张飞畴治谢元海,夏月常饮火酒,致善食易饥,半月后腹渐胀满,大便艰涩,食亦日减。医用刻削清火俱
不效。左脉细数,右脉涩滞,此始为火助胃强而善食,继为火灼胃液而艰运,艰运则食滞而胀满,胀满则食减。

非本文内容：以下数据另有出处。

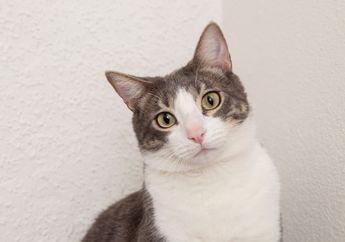 6 Aroma yang Tidak Disukai Kucing, Bisa Mencegah Kucing Pipis Sembarangan di Rumah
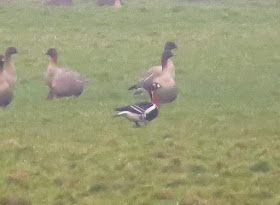 Red-breasted Goose - Cockerham, Lancashire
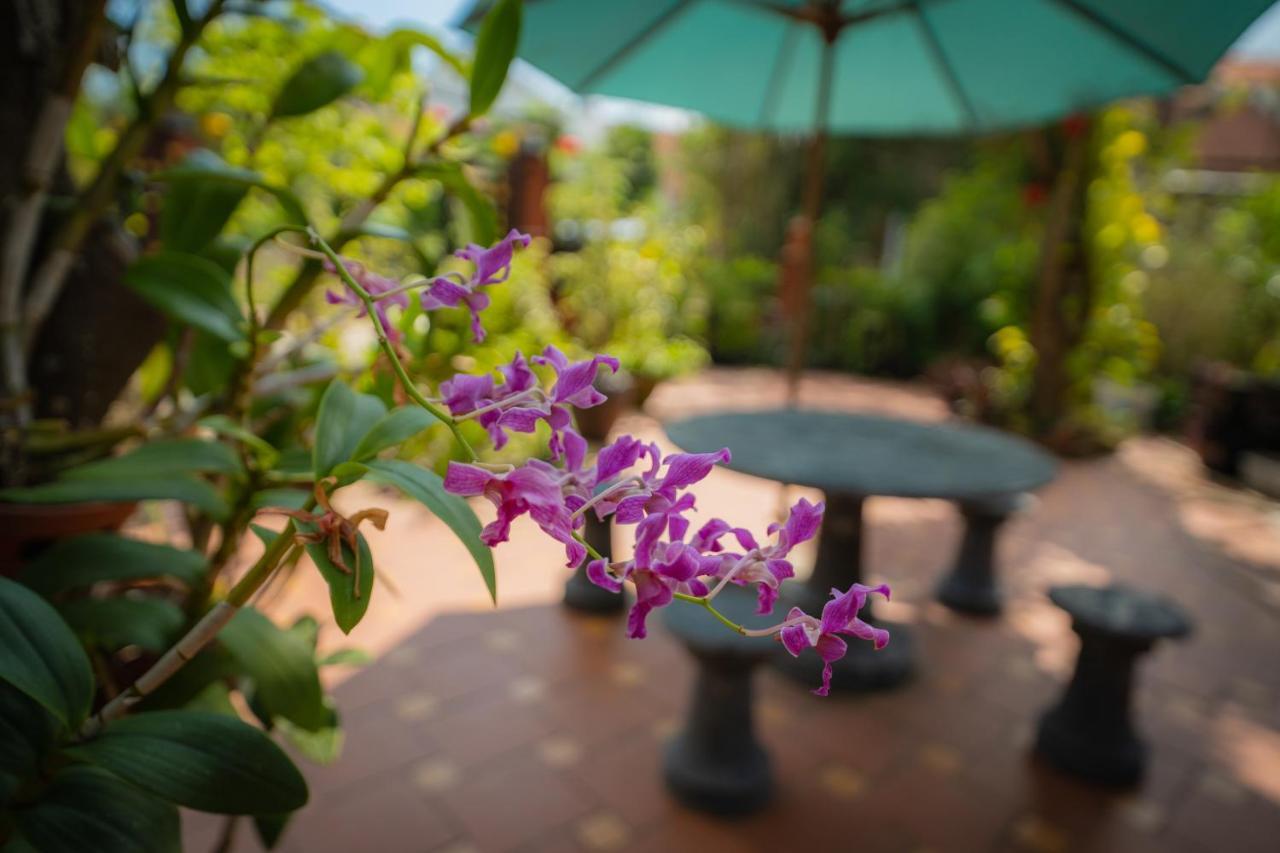 Strawberry Garden Homestay Hội An Extérieur photo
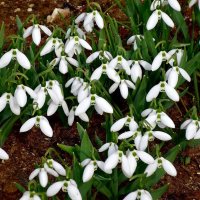 Словно белые бабочки порхают--- цветут подснежники..... :: Наталья ***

今宜断食辛热,乘元气未离,祛其滞而回其液,日久则费调理也。用枳实导滞汤去黄连、白术,加葛根,一服,
大便通利而滞行,又用健脾理气。三日后,以小剂生脉加葳蕤、煨葛根,半月而愈。
张三锡治一人,发热头痛,七日不止。诊之,左脉平和,右寸关俱弦急有力,乃内伤宿食为患也。以二陈
加枳实、浓朴、楂炭、柴胡,三剂,再加黄芩,头痛除。但热不净,投枳实导滞丸百粒,更衣而愈。